A recent study from the Jesse H. Jones Graduate School of Business at Rice University concluded that restaurant businesses fare the worst of all service-oriented businesses that run Groupon deals.
Utpal Dholakia is the author of the study and is associate professor of marketing at the Jones School. He conducted surveys with 150 businesses spanning 19 U.S. cities and 13 product categories that ran and completed Groupon promotions between June 2009 and August 2010.
Groupon promotions were profitable for 66 percent of the businesses surveyed; however, more than 40 percent of the respondents indicated they would not run such a promotion again. Among the service businesses (restaurants, educational services, tourism and salon and spa), restaurants fared the worst; salons and spas were the most successful.
For the unfamiliar, Groupon is a social promotion site that features a daily deal for each city in which it operates and offers consumers a significant discount for a local good, service or event. The discount is valid only if a minimum number of consumers purchase the deal.
The company has gotten a lot of press since its 2008 debut – lately, for sheer market penetration: At the end of August, Forbes ran a story calling Groupon “the fastest-growing web company in history.”
But how good for business the site’s promotions are is a point of debate. The Jesse H. Jones study provided evidence that "satisfied employees" is the most important factor for the Groupon promotion to work successfully for a business. If employees remain satisfied through the promotion, the likelihood of its profitability is significantly higher. The percentage of discounts offered and the number of Groupons sold did not predict the deal's profitability. It also did not offer a percentage of Groupon users who purchased beyond the Groupon’s value or bought the item again at full price.
"Because the Groupon customer base is made up of deal-seekers and bargain shoppers, they might not tip as well as an average customer or be willing to purchase beyond the deal," Dholakia said. "So employees need to be prepared for this type of customer and the sheer volume of customers that might come through."

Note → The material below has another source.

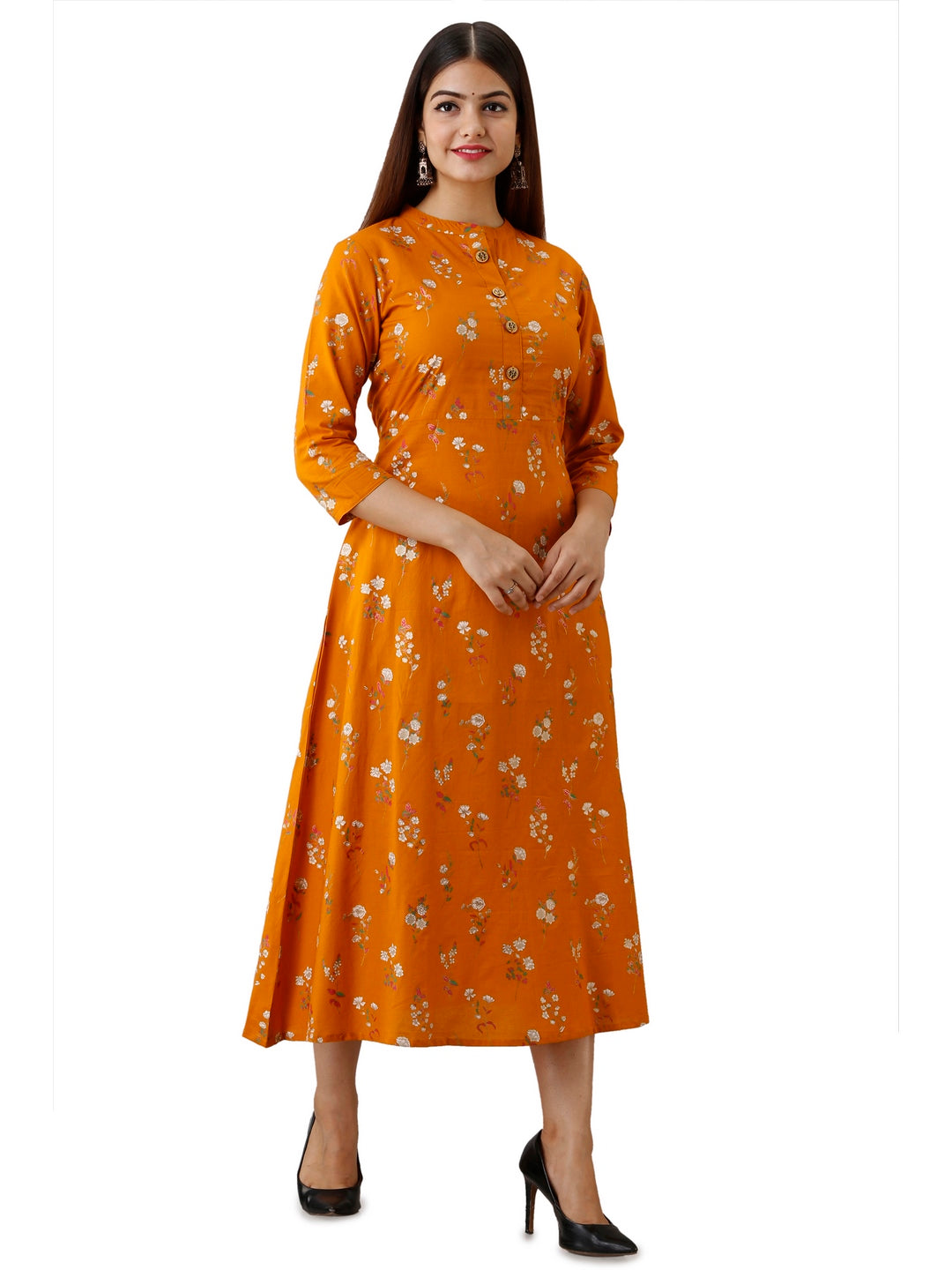 Cotton Printed Mandarin Neck 3/4 Sleeve A-line Ankle Length Kurta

Other restaurant-relevant findings of the survey included:
- Businesses with unprofitable promotions reported lower rates of spending by Groupon users beyond the Groupon's face value and lower rates of return to the business again at full price.
- Respondents indicated they had largely negative perceptions of Groupon's competitors.
"I think these findings show that social promotion companies need to better balance consumer appeal with positive outcomes for the small businesses offering them," Dholakia said. "Right now, these deals are tilted too far in consumers’ favor."
Dholakia outlined some strategies for success that included using promotions for building relationships, such as the offering of smaller discounts for repeat visits. "Instead of offering $60 worth of food for $30, parcel it out to offer $20 worth of food for $10 over the customer's next three visits," Dholakia said. He also suggested crafting deals to push unpopular items.